The relevant circumstances are also to be considered, as Chesterman J went on to say, against the background of an onus upon an applicant who seeks leave under r 389 to satisfy the court that grounds exist for exercising the discretion in his favour.
- [14]Here the delays are quite lengthy but in recent years have been, principally, a consequence of a lack of attention to the file by the plaintiff’s solicitors - save in the initial period of almost three years before the proceedings were commenced, and between late 2000, and December 2002 when, as the plaintiff admits in his affidavit, he failed to give his solicitors some instructions they sought[6]. The action could have been brought to a hearing earlier but the proceedings are relatively simple, involve straight forward issues of credit, and should not involve a long trial. The fact the commencement of the action was postponed for a considerable period is a relevant factor but the statement of the first defendant which has been (probably inadvertently) disclosed suggests he did not suffer any disadvantage or prejudice because of it. The critical period of delay for the purposes of r 389(2), that is since the last step on 28 August 2001, is lengthy but the plaintiff’s solicitors have been largely responsible for it.

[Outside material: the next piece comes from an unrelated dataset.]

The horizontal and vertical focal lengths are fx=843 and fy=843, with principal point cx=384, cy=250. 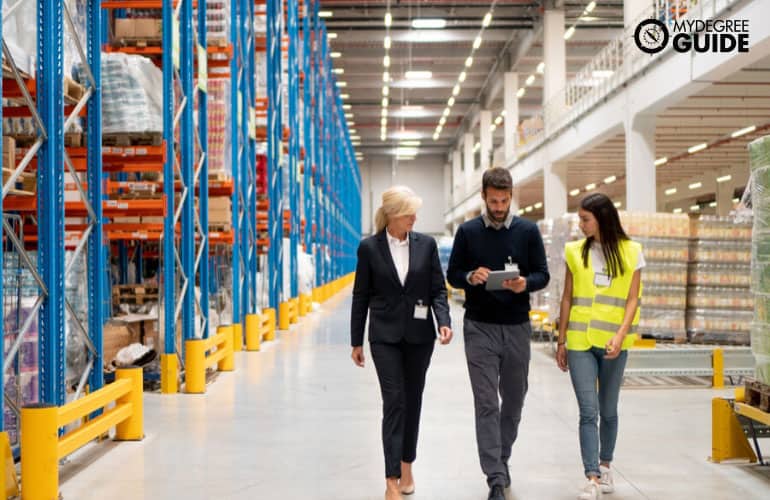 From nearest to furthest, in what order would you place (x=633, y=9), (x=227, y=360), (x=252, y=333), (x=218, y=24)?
(x=227, y=360) < (x=218, y=24) < (x=252, y=333) < (x=633, y=9)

- [15]The only other ground of specific prejudice relied upon by the defendants – the alleged inability to locate Mr Wan – is surprising, and suggests a want of any real effort to locate him.

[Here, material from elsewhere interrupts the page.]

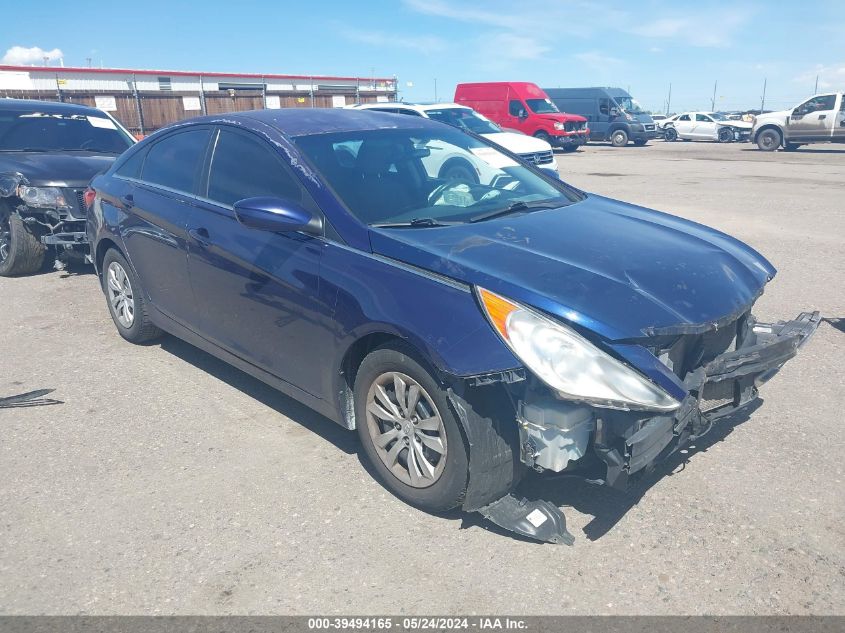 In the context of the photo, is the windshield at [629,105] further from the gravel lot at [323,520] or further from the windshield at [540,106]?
the gravel lot at [323,520]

- [16]The plaintiff appears to have some prospects of success although that is, of course, only a matter of conjecture at this stage. The limited evidence available indicates the possibility he might establish the representations were made, and not by Mr Wan. The litigation would not be extinguished by dismissal, at least the action in fraud. Despite the delays, the action has progressed. The delay, while unsatisfactory, has been explained and, since 2002, is the fault of the plaintiff’s solicitors rather than him.
- [17]This analysis shows the majority of the factors relevant to the discretion, as it arises in this case, fall in the plaintiff’s favour or do not tell strongly against him. Of course, the exercise is not a mathematical one but what might be called the ‘general’ elements are at worst neutral, or not badly adverse to him and the major issue – whether any specific prejudice arises – has, for the reasons set out earlier, been largely extinguished. Where that is so, and delay in the proceedings is in large measure attributable to his lawyers, the discretion should be exercised in his favour.
- [18]It was contended for the plaintiff that, although the late discovery of the need to apply under r 389 meant the application was an essential one for the plaintiff, costs should nevertheless be in the cause, or no order should be made. The defendants have, however, been pressing the plaintiff to bring an application of this kind since early January 2003. The plaintiff was mistaken in resisting that pressure, wrongly asserting he was not obliged to apply. Although the defendants’ application was served on 23 April 2004, it was not until the morning of the hearing, over a month later, that the plaintiff produced affidavit material in response to it. The plaintiff himself seeks a boon from the court, which would not be necessary had he pursued his action diligently. In all the circumstances it is right that the plaintiff pay the first and second defendants’ costs of and incidental to their application, and the plaintiff’s cross-application (brought orally on the morning of the hearing) assessed on the standard basis.
Footnotes
[1] Application filed 23 April 2004
[2] Affidavit of Paul Wayne Evans filed 23 April 2004, Ex PWE-30
[3] Affidavit of the plaintiff’s solicitors Edward Earl filed by leave 28 May 2004, para 9 and Exhibit “PE 4”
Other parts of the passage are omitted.